PROBLEM -> Every line of the material is to be quoted verbatim, minus the pictures.

INFORMATION SHOWN ->
⁂

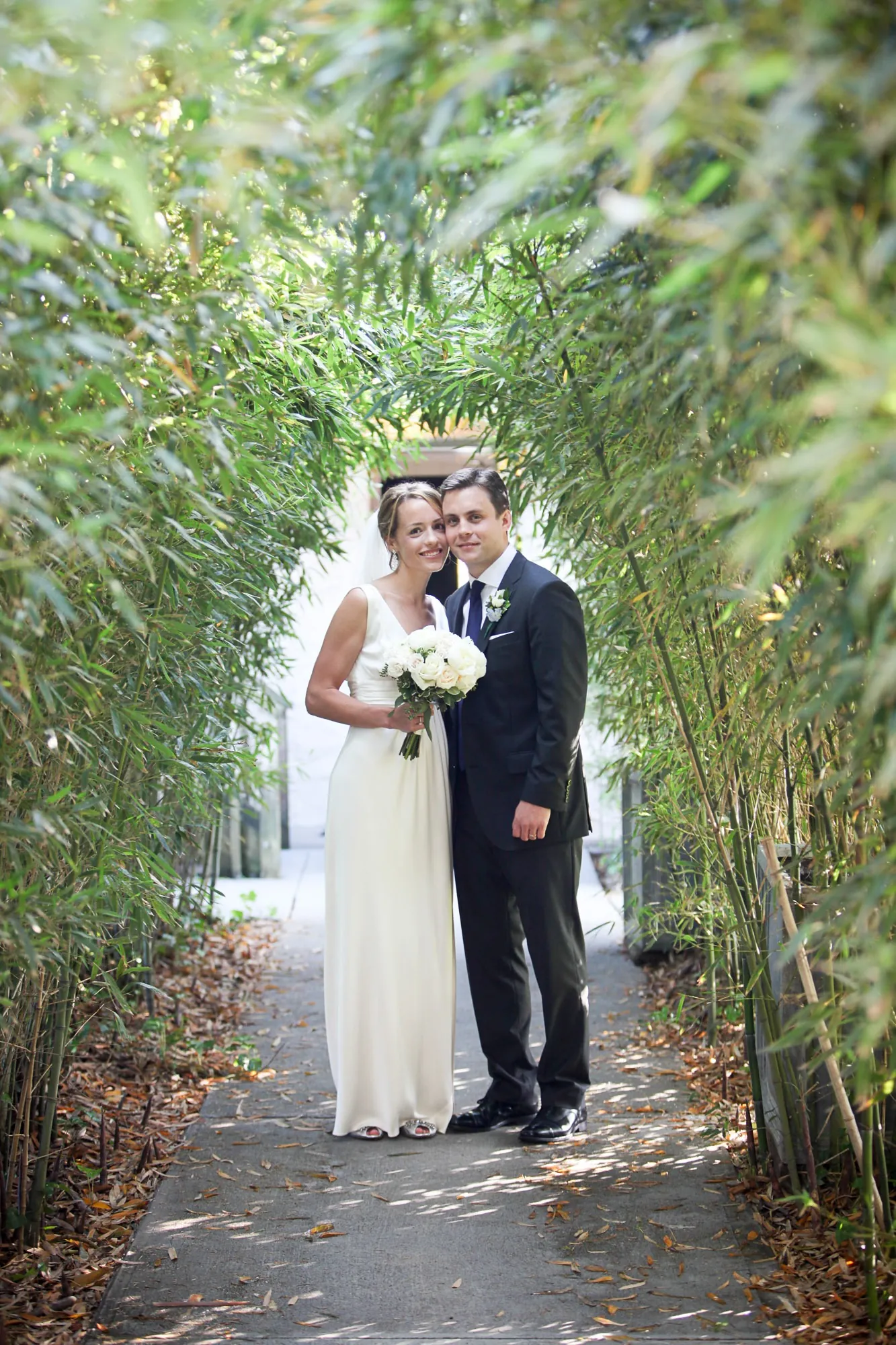 Kyla and Caley kiss at the end of the bamboo aisle, framed by green stalks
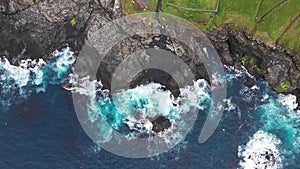 Aerial view of waves break on rocks of Faroe islands cliffs in a blue ocean.Drone Aerial Footage of green nature and the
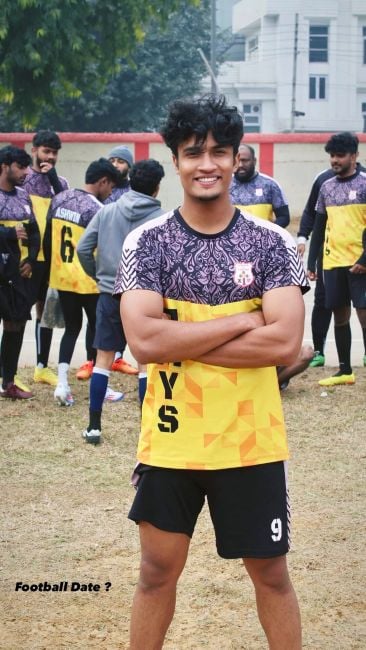 Joel Mathew wearing the football jersey of his team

⁂

RESULT BELOW ->
 Kyla and Caley kiss at the end of the bamboo aisle, framed by green stalks
 Aerial view of waves break on rocks of Faroe islands cliffs in a blue ocean.Drone Aerial Footage of green nature and the
 Joel Mathew wearing the football jersey of his team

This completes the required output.